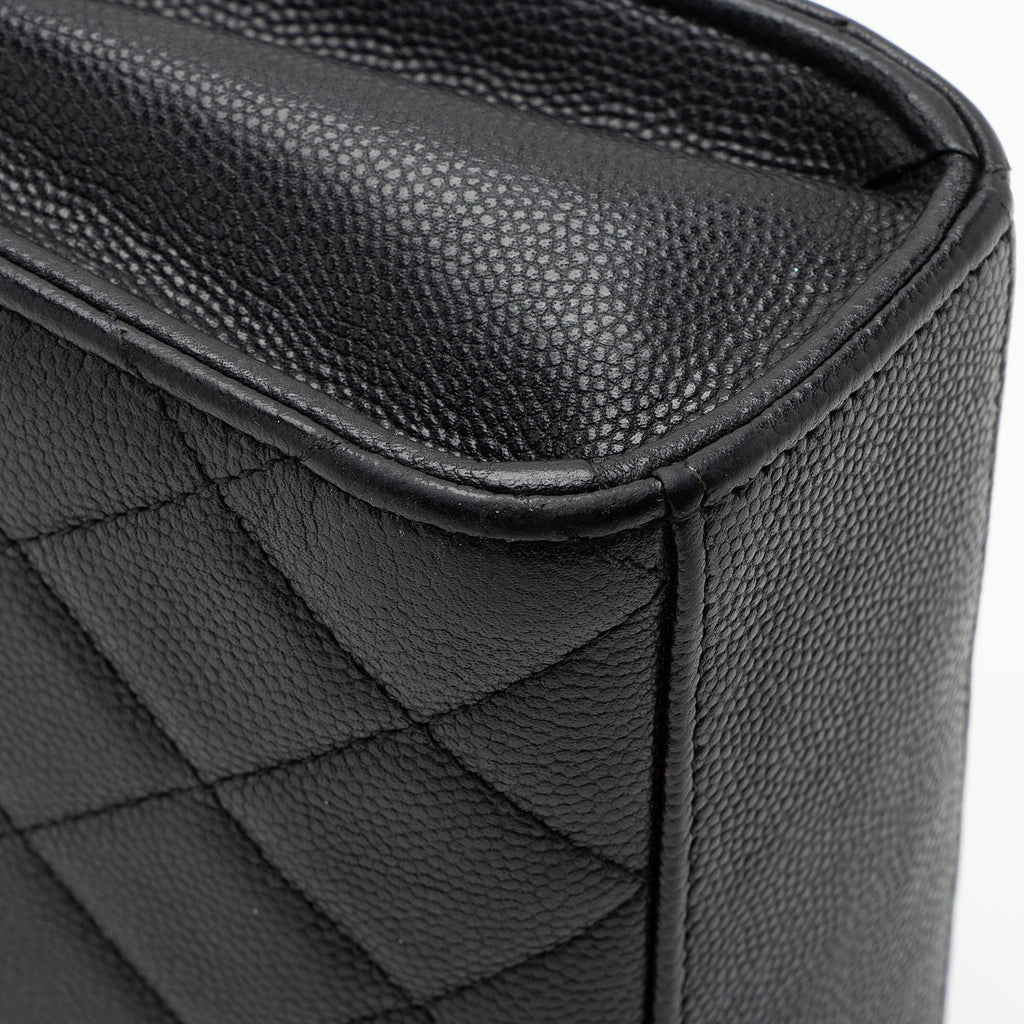 Chanel Caviar Leather Golden Class Phone Holder Crossbody (SHF-d2hiJL)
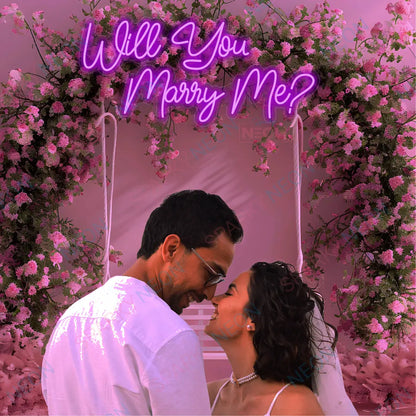 Will You Marry Me Neon Sign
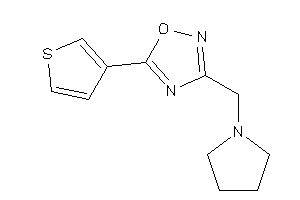3-(pyrrolidinomethyl)-5-(3-thienyl)-1,2,4-oxadiazole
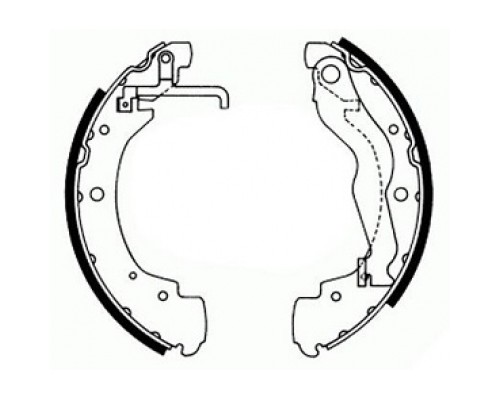 Гальмівні колодки Bosch 0 986 487 895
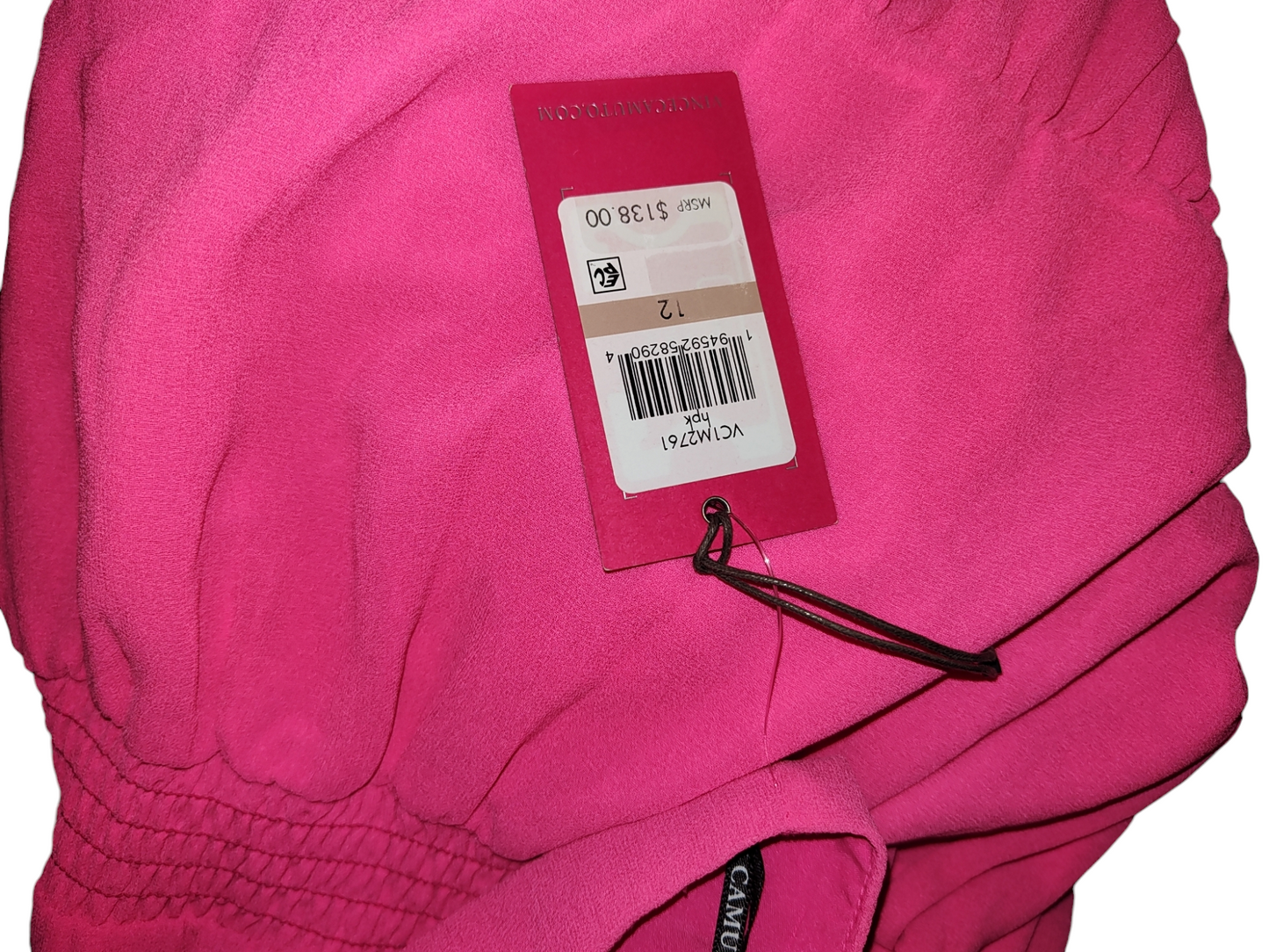 Robe évasée en mousseline froncée Vince Camuto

************

[Task details]: With the pictures set aside, copy each line above as written.

[Answer below]:
 Chanel Caviar Leather Golden Class Phone Holder Crossbody (SHF-d2hiJL)
 Will You Marry Me Neon Sign
3-(pyrrolidinomethyl)-5-(3-thienyl)-1,2,4-oxadiazole
 Гальмівні колодки Bosch 0 986 487 895
 Robe évasée en mousseline froncée Vince Camuto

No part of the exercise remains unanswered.